Kuryeler mücadele etmekte kararlı
Yemeksepeti’nin “hem suçlu hem güçlü” tavrına karşı kuryelerin tepkisi büyüyor. İzmir’deki kuryeler, “İnsanca çalışma koşulları talebimize kulaklarını tıkayan, şartlarımızı her geçen gün ağırlaştıran, fazla kurye istihdam etmekten, kurye kazançlarını düşürmekten çekinmeyen, ‘uyumluluk kuralları’ adı altında adeta kölece çalışma şartlarını dayatan, emeğimizi ve gençliğimizi sömüren Yemeksepeti şirketine karşı hepinizi birlik olmaya çağırıyoruz” diyerek bir açıklama yayımladı.
“Arkadaşlar cuma günü slotları salıyoruz, Yemeksepeti’ni sallıyoruz” diyen kuryeler, 13 Eylül Cuma günü çalışma saati seçmeyerek iş bırakacaklarını duyurdular.
Kuryelerin taleplerine kulak tıkayan Yemeksepeti en ufak bir protesto ya da hak arayışı karşısında tipik patron refleksini temsil ediyor. Genel Merkez önündeki protesto ve slotları salma konusunun WhatsApp gruplarında ve sosyal medyada sahiplenilmesi ve destek bulması sonrası bir şirket yöneticisinin kuryeleri tehdit ettiği bir ses kaydı gruplarda paylaşılmaya başlandı.
Yetkilinin uzun tehditlerini yazmayı elbette ki düşünmüyoruz. Ama birkaç cümle aktarmazsak olmaz: “Bir duyum aldım.

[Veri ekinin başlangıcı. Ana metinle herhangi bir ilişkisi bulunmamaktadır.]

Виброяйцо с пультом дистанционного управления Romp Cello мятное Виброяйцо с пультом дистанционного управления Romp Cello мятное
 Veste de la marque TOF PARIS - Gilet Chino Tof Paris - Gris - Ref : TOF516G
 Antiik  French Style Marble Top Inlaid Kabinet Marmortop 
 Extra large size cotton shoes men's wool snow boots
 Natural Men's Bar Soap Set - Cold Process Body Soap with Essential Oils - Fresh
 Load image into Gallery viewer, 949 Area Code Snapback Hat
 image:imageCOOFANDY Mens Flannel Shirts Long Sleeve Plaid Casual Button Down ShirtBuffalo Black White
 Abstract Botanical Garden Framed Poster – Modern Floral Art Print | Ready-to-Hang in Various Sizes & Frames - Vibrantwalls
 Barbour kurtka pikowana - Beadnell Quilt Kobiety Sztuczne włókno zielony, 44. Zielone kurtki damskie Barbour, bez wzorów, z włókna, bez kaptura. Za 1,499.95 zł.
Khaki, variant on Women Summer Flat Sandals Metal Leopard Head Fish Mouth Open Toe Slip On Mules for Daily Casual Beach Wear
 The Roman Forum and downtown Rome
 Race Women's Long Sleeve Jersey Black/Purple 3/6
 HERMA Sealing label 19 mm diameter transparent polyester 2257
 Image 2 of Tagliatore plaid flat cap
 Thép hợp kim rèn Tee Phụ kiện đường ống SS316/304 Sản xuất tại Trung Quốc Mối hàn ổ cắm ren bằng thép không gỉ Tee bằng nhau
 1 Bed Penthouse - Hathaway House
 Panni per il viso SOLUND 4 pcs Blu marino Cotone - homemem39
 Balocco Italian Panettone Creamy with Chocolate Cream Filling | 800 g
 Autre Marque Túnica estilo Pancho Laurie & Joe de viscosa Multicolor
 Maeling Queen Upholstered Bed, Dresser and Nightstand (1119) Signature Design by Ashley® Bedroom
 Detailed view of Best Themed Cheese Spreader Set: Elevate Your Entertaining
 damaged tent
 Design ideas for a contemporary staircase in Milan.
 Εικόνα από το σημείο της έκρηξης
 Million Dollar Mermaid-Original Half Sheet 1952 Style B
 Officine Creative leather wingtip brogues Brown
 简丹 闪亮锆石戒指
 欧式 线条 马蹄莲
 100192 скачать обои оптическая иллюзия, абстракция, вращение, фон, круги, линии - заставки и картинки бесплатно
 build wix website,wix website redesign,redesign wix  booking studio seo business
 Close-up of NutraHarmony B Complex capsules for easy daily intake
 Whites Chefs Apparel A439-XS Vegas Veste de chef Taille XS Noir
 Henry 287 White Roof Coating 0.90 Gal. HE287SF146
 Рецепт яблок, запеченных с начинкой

Türkiye’nin birçok yerinde herkes birbirine haber vererek kontak kapatma, eylem gibi bir süreç içerisine giriyorlarmış. Haklarınızı savunmanızın arkasındayım ancak bu işlemi yaparken firma reklamı ile yapmak yasal süreçler doğuracaktır. Kontak kapatan, eylem yapan kişilerin bilgisi Yemeksepeti’nin eline ulaşacaktır ve kişinin hesabını deaktife alacaktır…”
İşçiler kardeş, peki patron?
Görünen o ki, Yemeksepeti müşterilere süslü reklamlar yapmaya, kuryelerine ise “kölelik sistemi”ni dayatmaya devam edecek. Hakkını arayan kuryeleri ise tek taraflı sözleşmelere dayanarak işten atmaktan geri durmayacak.
Buna karşın Yemeksepeti kuryeleri de pandemide fedakârca sipariş dağıtan, deprem bölgesine gitmekte tereddüt etmeyen, orman yangınlarında canla başla çalışan kuryeler olarak insanca çalışma koşulları için haklarını aramaya devam edecek.